Matt: That’s quite a fight. What did you think when you saw the report and heard that these guys had done the route?

Jim: Well, I was a bit curious what I was going to feel like cause this was very important to me that we did this and stuff. I was sort of getting to the point where I was wanting somebody to do it. And actually what happened when I heard was my son Michael called me and said, “Dad, Steve House repeated your route.” Then I looked on the Internet and it made me really happy. I really liked it. I liked the idea that somebody else had been there. I called Steve House today, and we talked about it. And so, it’s like Mugs and I knew what it was, and they know what it is. It’s kind of cool. No body else knows what it is.

Matt: It seems like another good thing to come out of this was that now people know exactly where the lines are too, versus what was in the book. History has been straightened out.

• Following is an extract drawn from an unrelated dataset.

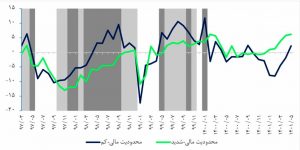  شناسایی ردپای محدودیت مالی بر اقتصاد ایران در مرداد 1401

Jim: History has been straightened out. And actually for other people who want to climb onto it, I think what it really boils down to is in the lower section of the face, you can kind of go whatever direction you want given conditions and the day, and all that stuff, but when you get up into the steep, harder stuff, there is a line, which is the line that Mugs and I figured out. And, independently, it is the line that they figured out. And there’s obviously more lines out — well there is a huge amount of face out to the right that is going to be steep and hard, and that’s going to be really cool when somebody does that.